Function parse_url(url: str) -> URL parse url elements in named tuple structure URL. Default value for each element is empty string ''.

Parsed elements are:

  • scheme
  • hostname
  • port
  • path
  • query
  • fragment
  • netloc
  • username
  • password
print(parse_url('localhost'))
print(parse_url('localhost:12345'))
print(parse_url('http://example.org'))
print(parse_url('https://example.org:8080/user/search?name=Bob&age=30#profile'))
print(parse_url('https://admin:123@example.org:8080/user/search?name=Bob&age=30#profile'))

URL(scheme='', hostname='localhost', port='', path='', query='', fragment='', netloc='localhost', username='', password='')
URL(scheme='', hostname='localhost', port=12345, path='', query='', fragment='', netloc='localhost:12345', username='', password='')
URL(scheme='http', hostname='example.org', port='', path='', query='', fragment='', netloc='example.org', username='', password='')
URL(scheme='https', hostname='example.org', port=8080, path='/user/search', query='name=Bob&age=30', fragment='profile', netloc='example.org:8080', username='', password='')
URL(scheme='https', hostname='example.org', port=8080, path='/user/search', query='name=Bob&age=30', fragment='profile', netloc='admin:123@example.org:8080', username='admin', password='123')

Parse normalized URL

Function parse_normalized_url(url: Union[str, ParseResult], *, scheme: str = '', hostname: str = '', port: str = '', path: str = '', query: str = '', fragment: str = '', username: str = '', password: str = '') -> URL works exactly like normalize_url + parse_url - normalizes url then parses it.

Ensure url describes scheme and port.
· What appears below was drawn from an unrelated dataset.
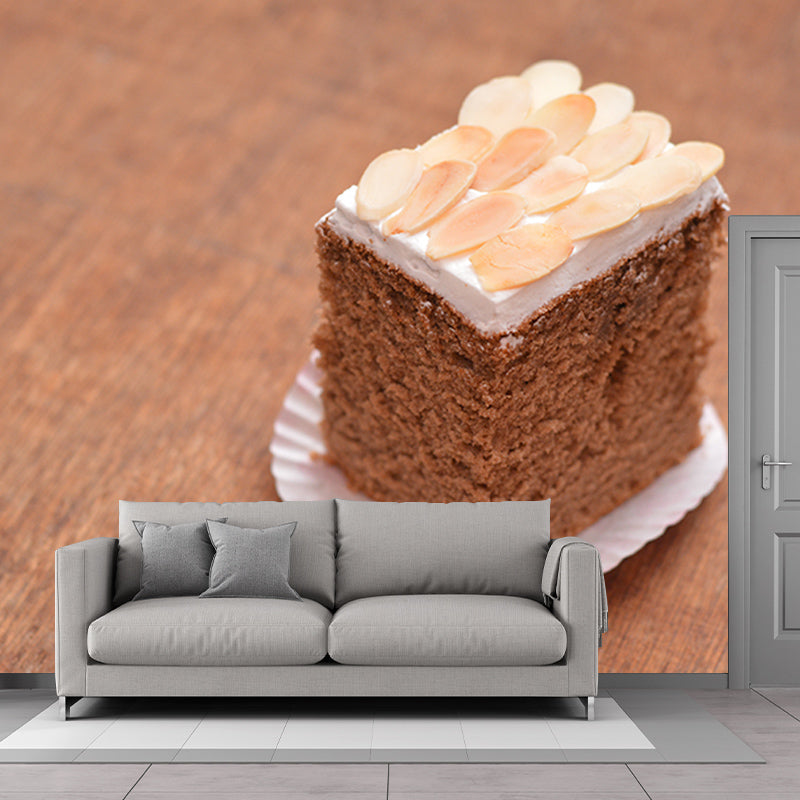Cake Baking Wall Mural Dessert Mildew Resistant Wallpaper for Commerce Shop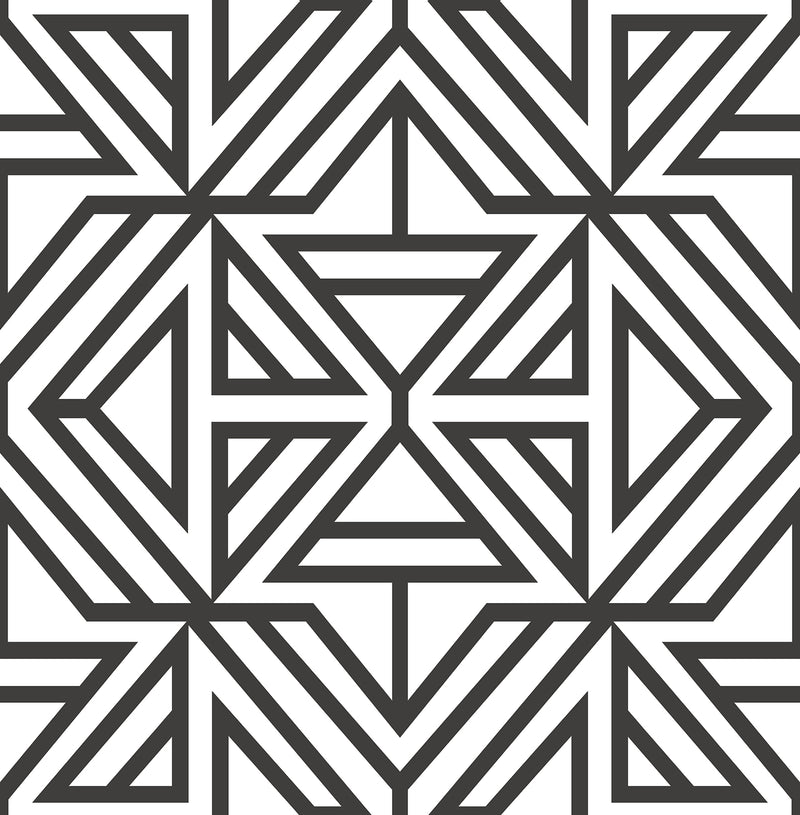 Helios Geometric Wallpaper Wallpaper A-Street Prints Double Roll Black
If not persist user http scheme and port 1122.

print(parse_normalized_url('localhost', scheme='http', port='1122'))
print(parse_normalized_url('https://localhost', scheme='http', port='1122'))
print(parse_normalized_url('localhost:12345', scheme='http', port='1122'))
print(parse_normalized_url('https://localhost:12345', scheme='http', port='1122'))

URL(scheme='http', hostname='localhost', port=1122, path='', query='', fragment='', netloc='localhost:1122', username='', password='')
URL(scheme='https', hostname='localhost', port=1122, path='', query='', fragment='', netloc='localhost:1122', username='', password='')
URL(scheme='http', hostname='localhost', port=12345, path='', query='', fragment='', netloc='localhost:12345', username='', password='')
URL(scheme='https', hostname='localhost', port=12345, path='', query='', fragment='', netloc='localhost:12345', username='', password='')

Why not just use urllib?

Because urlib does not cover some common edge cases.

Just rewrite the first example with urllib:

from urllib.parse import urlparse

print(urlparse('localhost'))
print(urlparse('localhost:12345'))

ParseResult(scheme='', netloc='', path='localhost', params='', query='', fragment='')
ParseResult(scheme='localhost', netloc='', path='12345', params='', query='', fragment='')

As you can see, urllib considers localhost as path while it is actually hostname. Moreover, <host>:<port> are parsed as scheme (like http) for localhost and path for port which is absolutely wrong.

Project details


Download files

Download the file for your platform. If you're not sure which to choose, learn more about installing packages.

Source Distribution

normalurl-1.0.1.tar.gz (3.6 kB view details)

Uploaded Source

Built Distribution

If you're not sure about the file name format, learn more about wheel file names.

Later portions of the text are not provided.